A third alternative to the state classes has been introduced in v1.5 of GC FSM. Similarly to Local States, the intent is to avoid creating separate implementation classes, with the main difference that the new state runs a sub-FSM defined in the same object as the state node. In order to create an FSM Submachine State, right-click on the background of the event graph and select “FSM Submachine State” from the GC FSM category. You can immediately edit the name of the state.
This node is essentially equivalent to a regular State that calls a Launch FSM in its OnEnter handler. However, since the sub-FSM is defined in the same object, its implementation has direct access to the object internals, without the need to pass through the Context variable.
Please notice that is a subtle, but important, difference between a Submachine State and a Local State that launches an FSM: in the case of a Submachine State the new FSM is actually a sub-FSM that will be interrupted if the Submachine State is exited, while we saw earlier that handlers of a Local State launch FSMs at the same hierarchy level as the original FSM.
You can rename the sub-FSM at any moment and the Submachine Node will be automatically updated. If you delete the sub-FSM, the node will be invalidated.

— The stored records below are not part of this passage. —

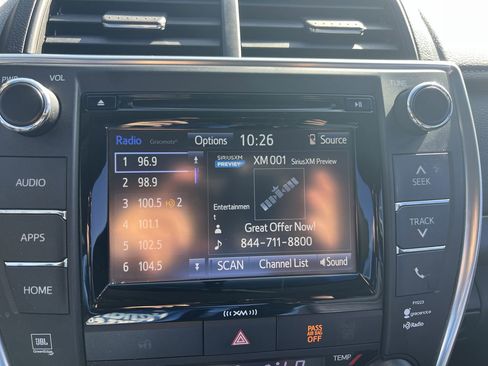 Used 2017 Toyota Camry XLE image 23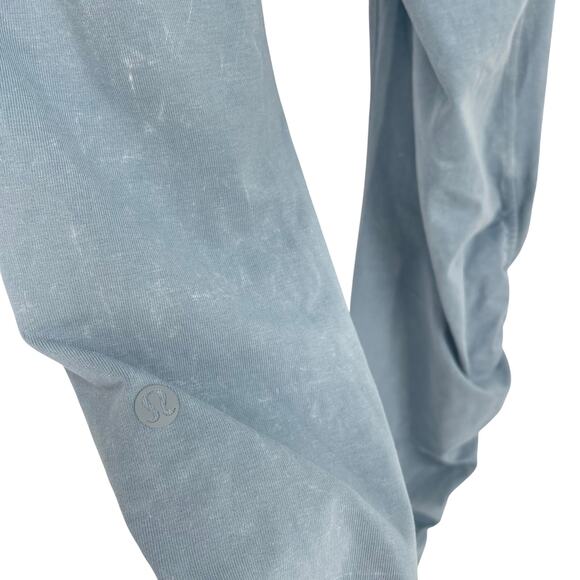 Lululemon Inner Glow Tight 28" Washed Chambray Size 4 - Picture 4 of 8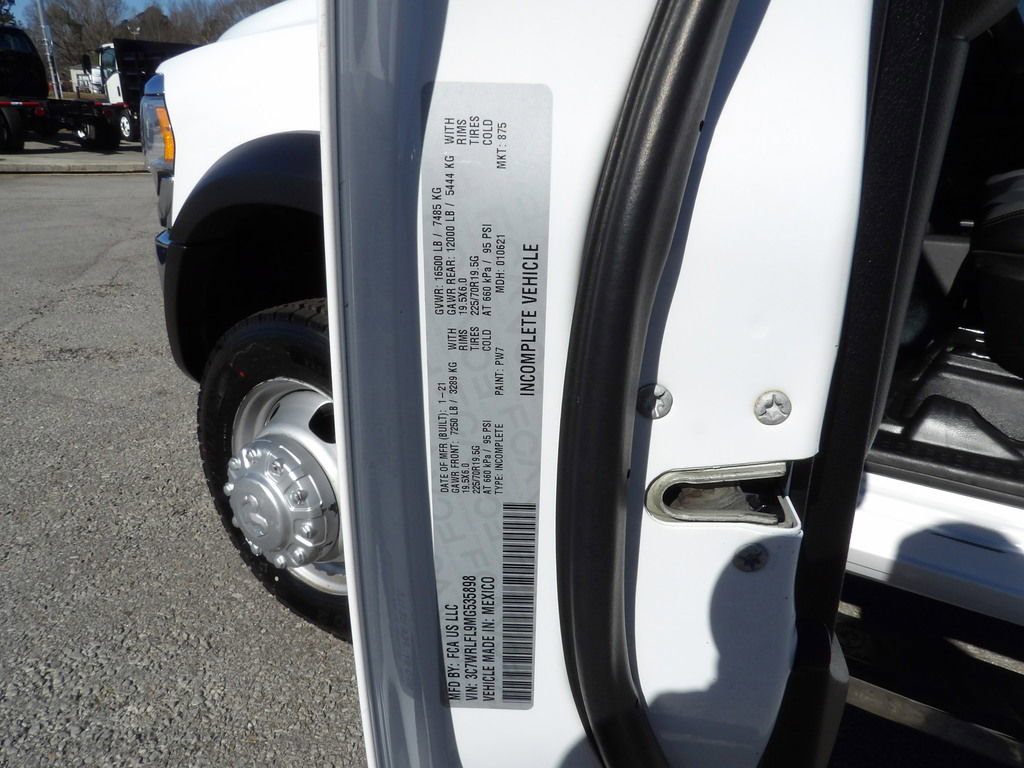 Used 2021 RAM 4500 Tradesman w/ Chrome Appearance Group image 67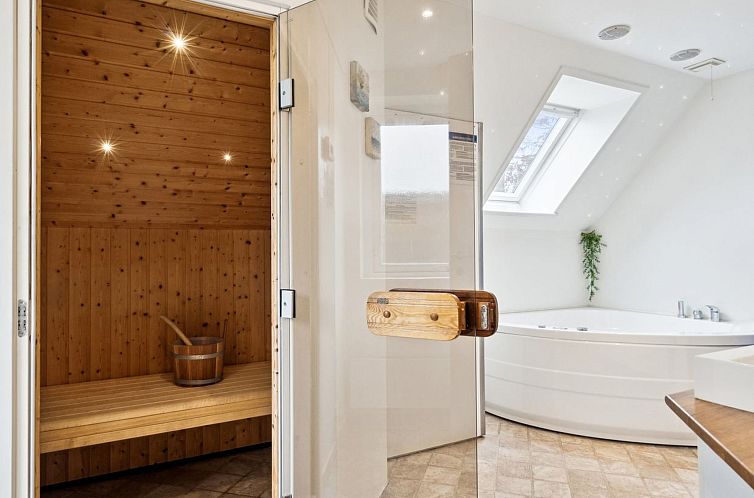 Vakantiehuis "Snezana" - 150m from the sea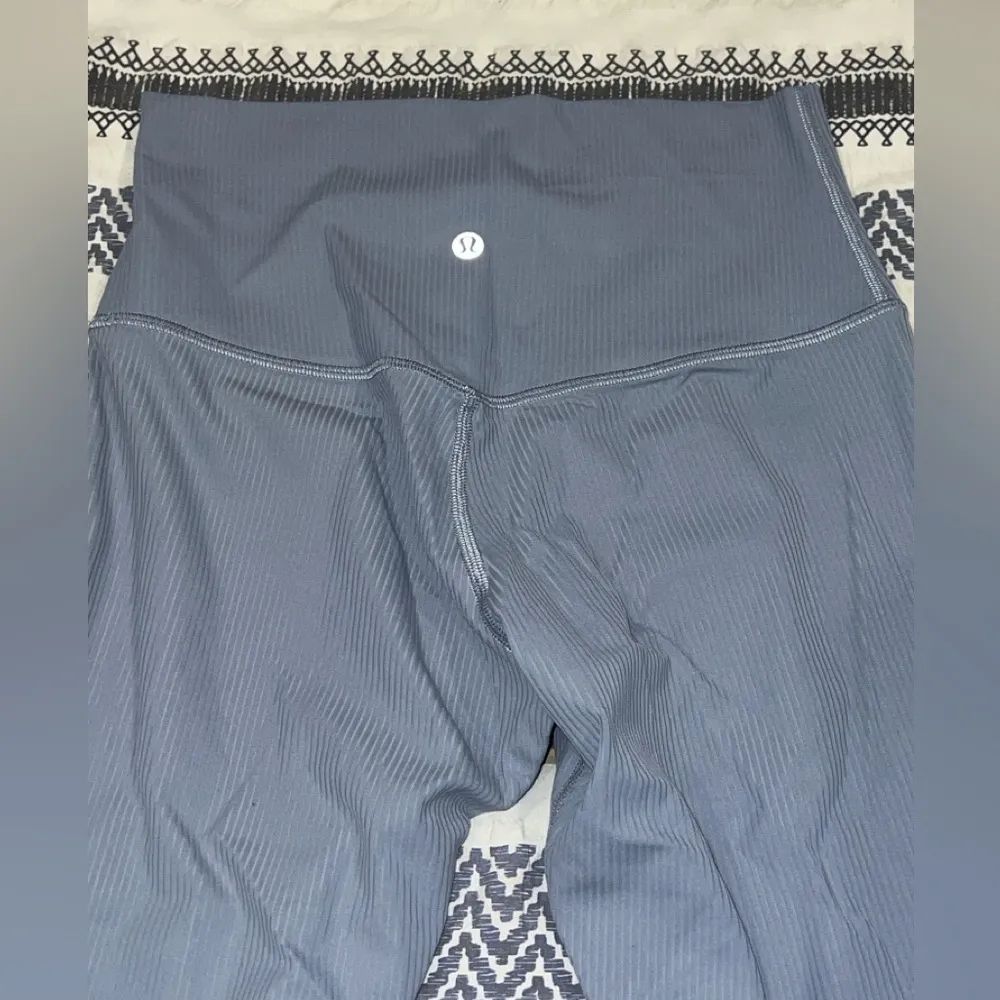 Lululemon Align Ribbed High Rise Legging 25” size 6 chambray - Image 5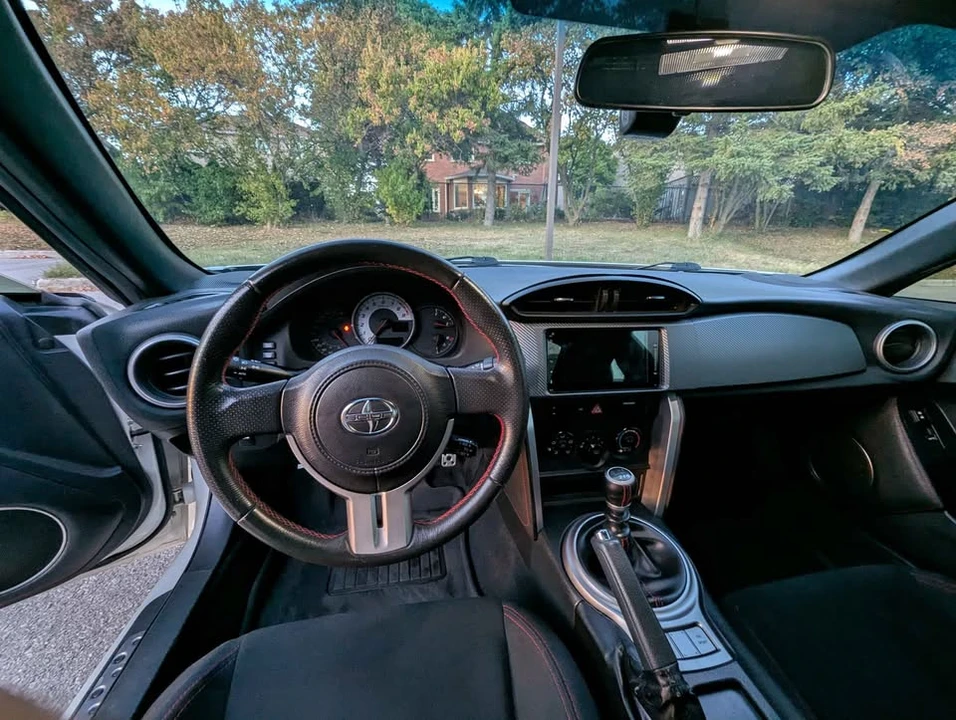 2015 Scion FR-S - Image 11 of 20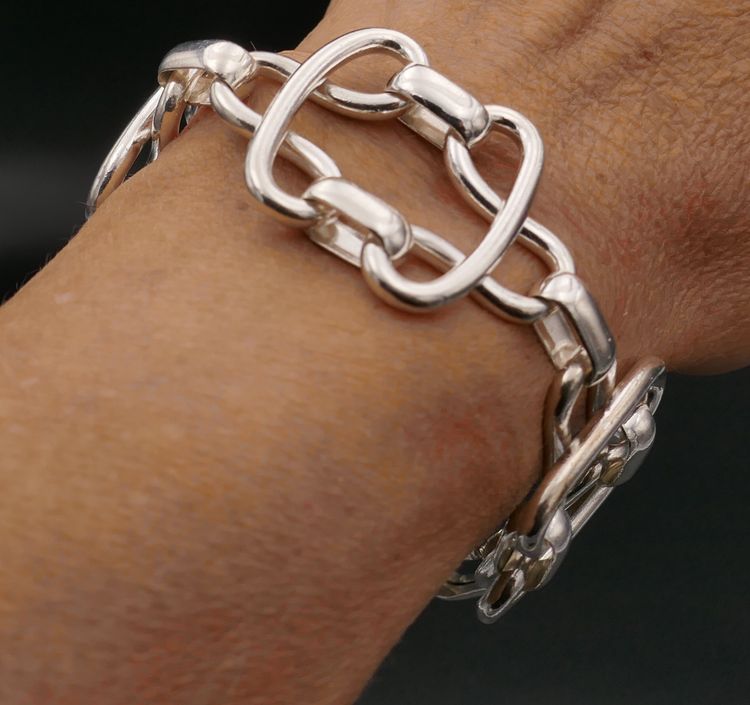 Important Vintage Silver Bracelet, Invisible Clasp.
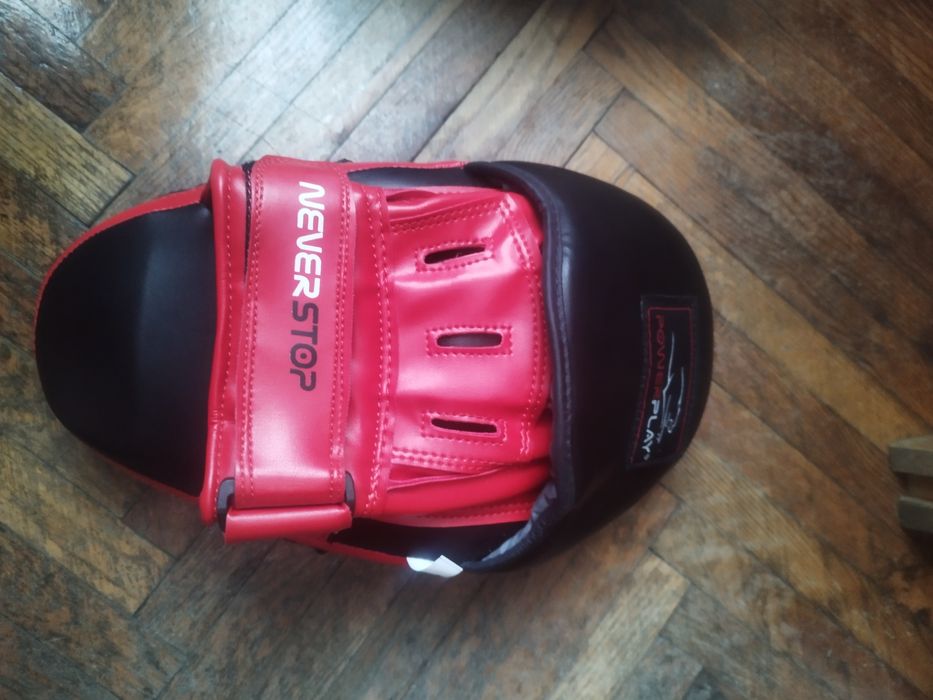 Лапы боксерские новые
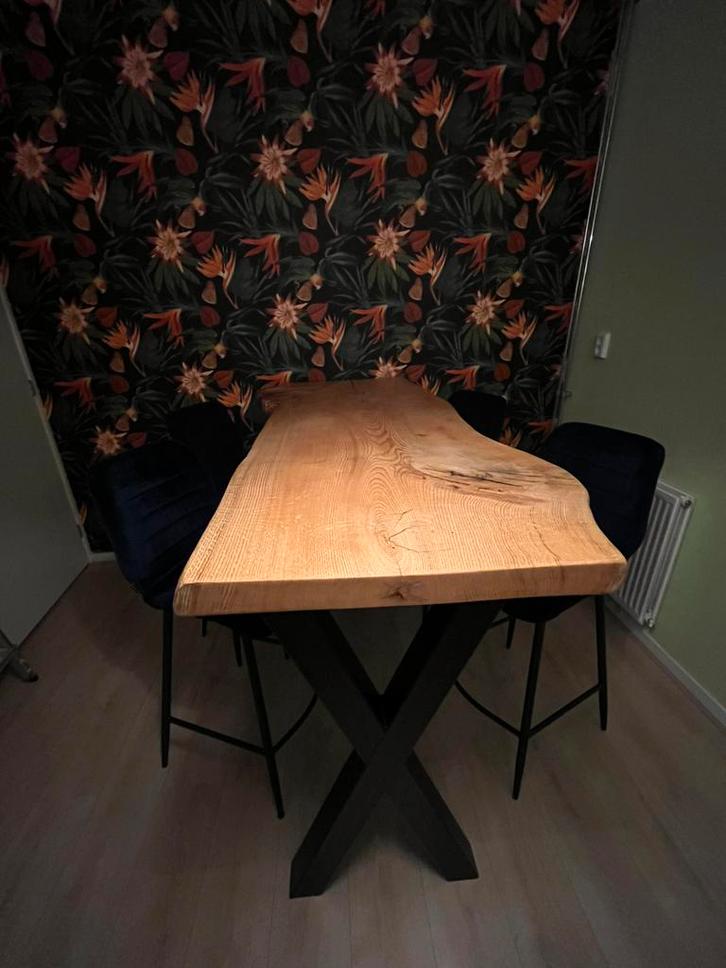 Houte tafel met vier krukken!, Huis en Inrichting, Tafels | Eettafels, Zo goed als nieuw, 50 tot 100 cm, 150 tot 200 cm, Vier personen
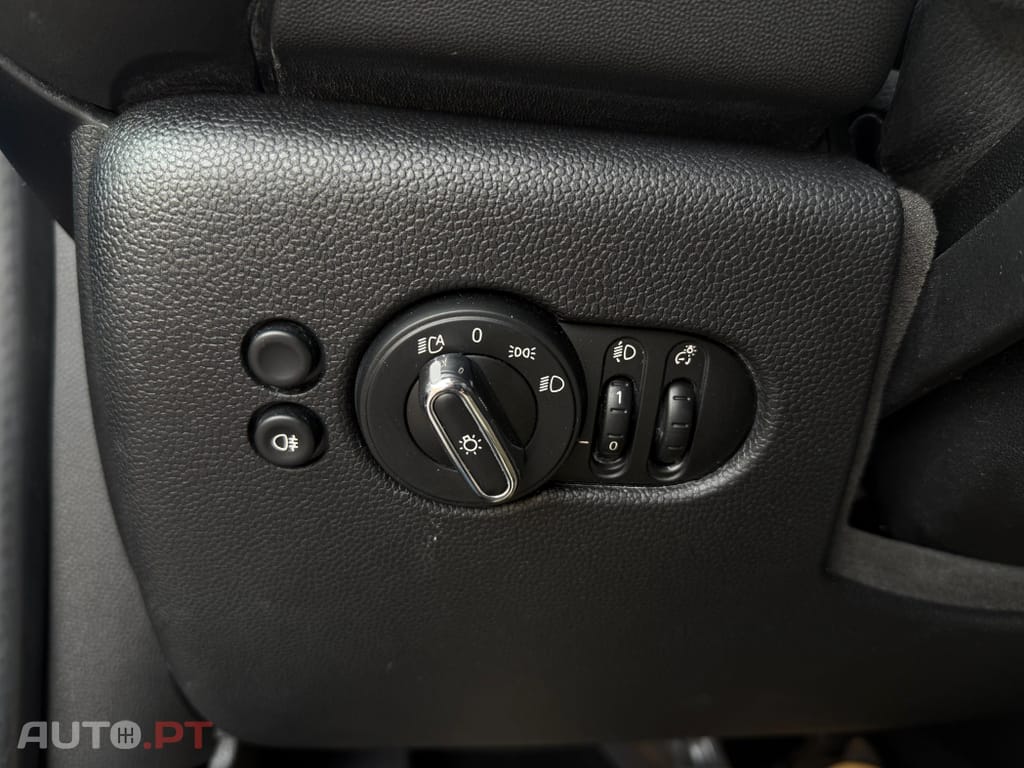 MINI Cooper Cooper Resolute Edition Auto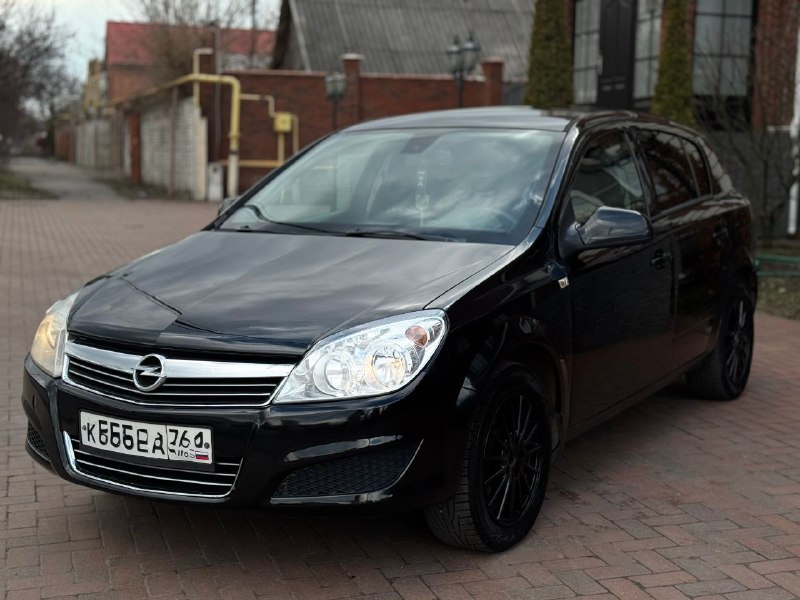 🔥в продаже opel astra h 2011 года выпуска 💸 цена: 558к₽ объем:1.6 родной пробег: 218к авто в отличном состоянии двигатель, кпп, ходовая часть без нареканий сел и поехал, вложений никаких не требует салон опрятный не затертый ✅ зеленая автотека хорошая комплектация: • климат контроль • подогрев сидений и зеркал • авто свет • круиз контроль • мультируль • перешитые красивые сиденья • новая резина авто в родном окрасе было незначительное притёртость одного крыла документы кристально чистые осмотр донецк остальные вопросы по телефону 📞- +79490504302 - фотография - 2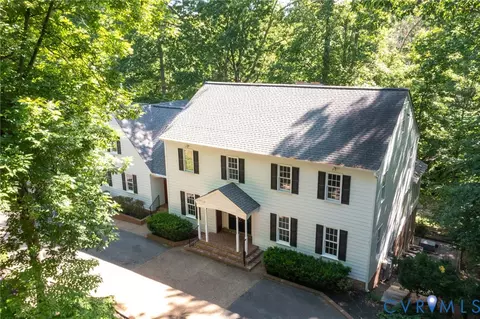 Exterior - 3201 E Brigstock Rd, Midlothian, VA 23113 photo 16 of 19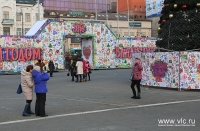 Монтаж зимнего городка завершается на центральной площади Владивостока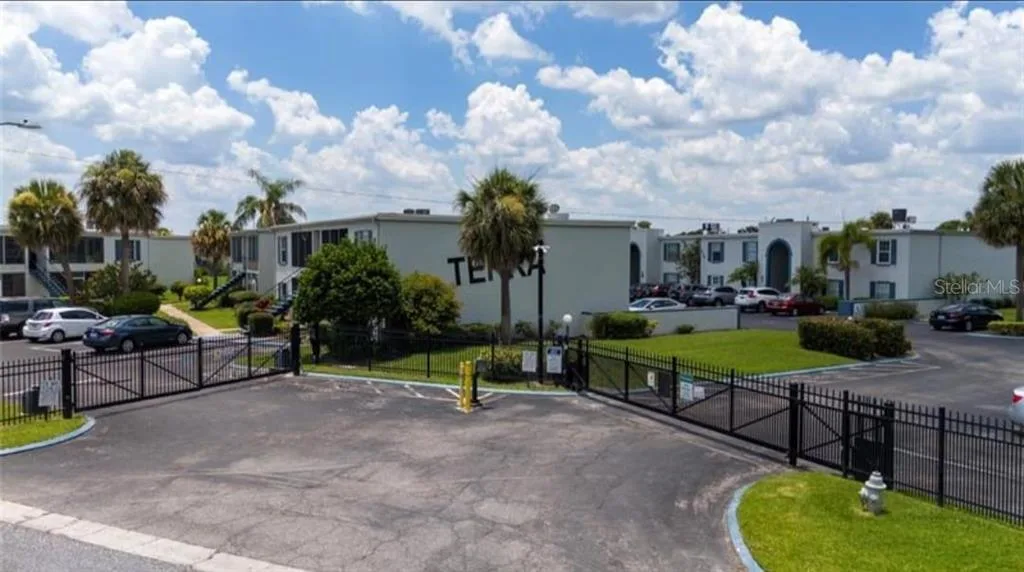 1006 PLANTATION DRIVE # F9, KISSIMMEE, FL 34741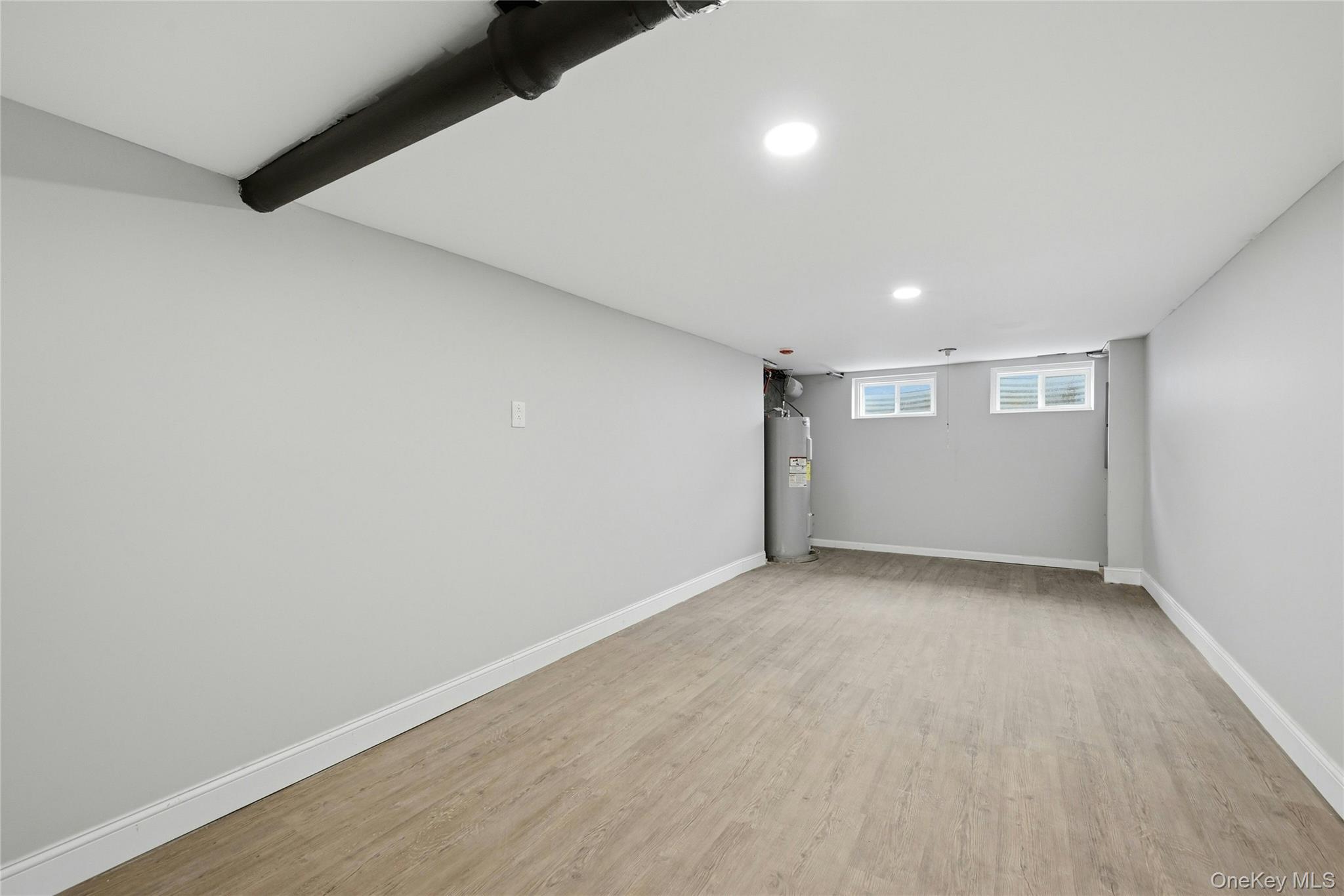 10 Curlin Lane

How to implement “Any State” transitions with Submachine States
Other FSM design tools introduce the concept of “Any State”, that is a pseudo state that handles events regardless of the actual state the FSM is running. That approach is powerful, but promotes poorly structured FSMs that eventually become a burden to maintain and evolve. You can usually achieve the same result by organizing your FSMs in layers and Submachine State help you keep the different layers in the same object.
In the following example we see a a very simple FSM using the “Any State” facility. It has normal three states: Idle, Move and Shoot.
The “normal” execution flow occures between the Idle and Move states. However, the presence of the “Any State” introduces an “exceptional” flow which is triggered by the user pressing the fire button: in that case the FSM exits whatever state (Idle or Move) it’s in and makes a transition to the Shoot state. When the user eventually stops firing, the FSM gets back to Idle and resumes the normal flow.
Notice that this approach doesn’t visually render the presence of the two distinct flows, especially since the one with the highest priority (the “shoot”) is not represented if it weren’t for the “Any State”.